SOD1 overexpression suppresses maternal diabetes-induced phosphorylation of eIF2α, PERK and IRE1α
Increases in the phosphorylation of eIF2α and PERK also is indicative of ER stress, and, previously we demonstrated that maternal diabetes increases the phosphorylation of eIF2α and PERK in embryos, especially during neurulation. To determine whether SOD1 overexpression could block maternal diabetes–induced eIF2α, PERK and IRE1α phosphorylation, we assessed the phosphorylated levels of eIF2α, PERK, and IRE1α in E8.75 embryos. Levels of p-PERK, p-eIF2α, and p-IRE1α in WT embryos of diabetic dams were significantly higher than those in WT embryos of NDC dams and in SOD1-overexpressing embryos of diabetic dams ( Figure 2 ). These results support that suppressing oxidative stress by SOD1 overexpression abrogates maternal diabetes–induced eIF2α, PERK, and IRE1α phosphorylation.
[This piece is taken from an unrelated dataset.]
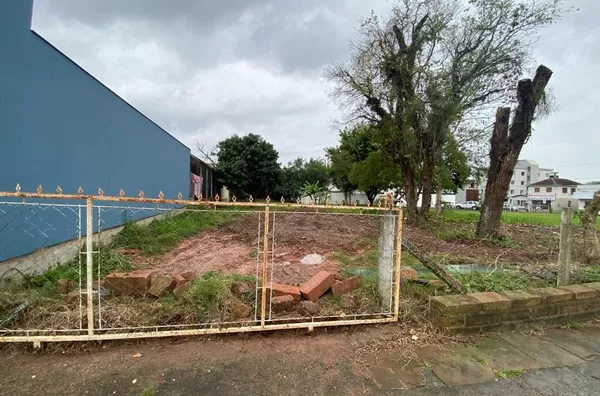 COMÉRCIO OU RESIDÊNCIA, NO MELHOR PONTO DA CIDADE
SOD1 overexpression abolishes maternal diabetes–induced XBP1 mRNA splicing
XBP1 mRNA splicing is a robust ER stress indicator. To determine whether SOD1 overexpression can prevent maternal diabetes–induced XBP1 mRNA splicing, WT embryos of NDC dams and WT and SOD1-overexpressing embryos from a same group of diabetic dams were used. WT embryos exposed to maternal diabetes exhibited robust splicing manifested with 2 bands at 205 and 179 bp of the PCR products, whereas WT embryos from NDC dams showed no XBP1 splicing with only 1 band (205 bp) of the PCR products ( Figure 3 ). In SOD1-overexpressing embryos exposed to maternal diabetes, XBP1 splicing was diminished ( Figure 3 ). The results demonstrate that SOD1 overexpression abolishes maternal diabetes–induced XBP1 splicing.
SOD1 overexpression reverses maternal diabetes-increased ER chaperone gene expression
ER stress-triggered UPR response induces ER chaperone gene expression. Consistent with our previous finding, maternal diabetes significantly increased the expression of 5 ER chaperone genes: (1) BiP, (2) calnexin, (3) eIF2αk3, (4) eIF2αs1, and (5) PDIA3 ( Figure 4 ). Furthermore, we demonstrated that the increased expression of these 5 ER chaperone genes induced by diabetes was diminished in SOD1-overexpressing embryos of diabetic dams ( Figure 4 ). Thus, SOD1 overexpression inhibited maternal diabetes-increased ER chaperone gene expression. However, one of the ER chaperone genes, IRE1α, did not differ in WT embryos of NDC dams and WT embryos and SOD1-overexpressing embryos of diabetic dams ( Figure 4 ).